Comparative Study of Starch Phosphorylase Genes and Encoded Proteins in Various Monocots and Dicots with Emphasis on Maize

Guowu Yu  1   2 Noman Shoaib  1 Ying Xie  1 Lun Liu  1 Nishbah Mughal  1 Yangping Li  2 Huanhuan Huang  1 Na Zhang  3 Junjie Zhang  4 Yinghong Liu  5 Yufeng Hu  2 Hanmei Liu  4 Yubi Huang  1   2
Affiliations

Comparative Study of Starch Phosphorylase Genes and Encoded Proteins in Various Monocots and Dicots with Emphasis on Maize

Guowu Yu et al. Int J Mol Sci. .

Abstract

Starch phosphorylase (PHO) is a multimeric enzyme with two distinct isoforms: plastidial starch phosphorylase (PHO1) and cytosolic starch phosphorylase (PHO2). PHO1 specifically resides in the plastid, while PHO2 is found in the cytosol. Both play a critical role in the synthesis and degradation of starch. This study aimed to report the detailed structure, function, and evolution of genes encoding PHO1 and PHO2 and their protein ligand-binding sites in eight monocots and four dicots. "True" orthologs of PHO1 and PHO2 of Oryza sativa were identified, and the structure of the enzyme at the protein level was studied. The genes controlling PHO2 were found to be more conserved than those controlling PHO1; the variations were mainly due to the variable sequence and length of introns. Cis-regulatory elements in the promoter region of both genes were identified, and the expression pattern was analyzed. The real-time quantitative polymerase chain reaction indicated that PHO2 was expressed in all tissues with a uniform pattern of transcripts, and the expression pattern of PHO1 indicates that it probably contributes to the starch biosynthesis during seed development in Zea mays. Under abscisic acid (ABA) treatment, PHO1 was found to be downregulated in Arabidopsis and Hordeum vulgare.
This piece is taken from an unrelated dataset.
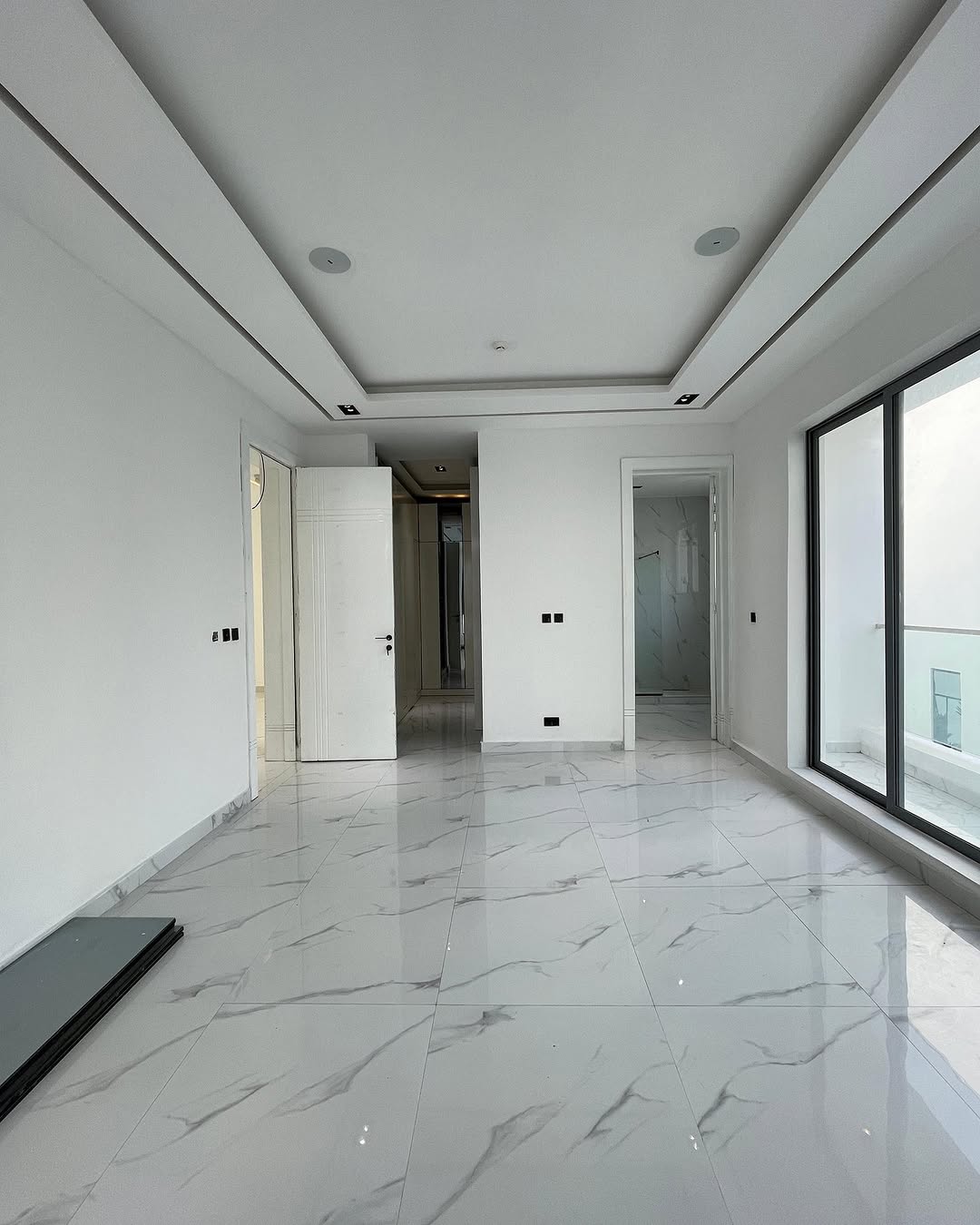 Osapa’s Ultimate Smart Estate: 5BR Haven with Cinema & Pool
However, we found that ABA could up-regulate the expression of both PHO1 and PHO2 within 12 h in Zea mays. In all monocots and dicots, the 3D structures were highly similar, and the ligand-binding sites were common yet fluctuating in the position of aa residues.

Keywords: comparative study; cytosolic starch phosphorylase; plastidial starch phosphorylase; starch phosphorylase.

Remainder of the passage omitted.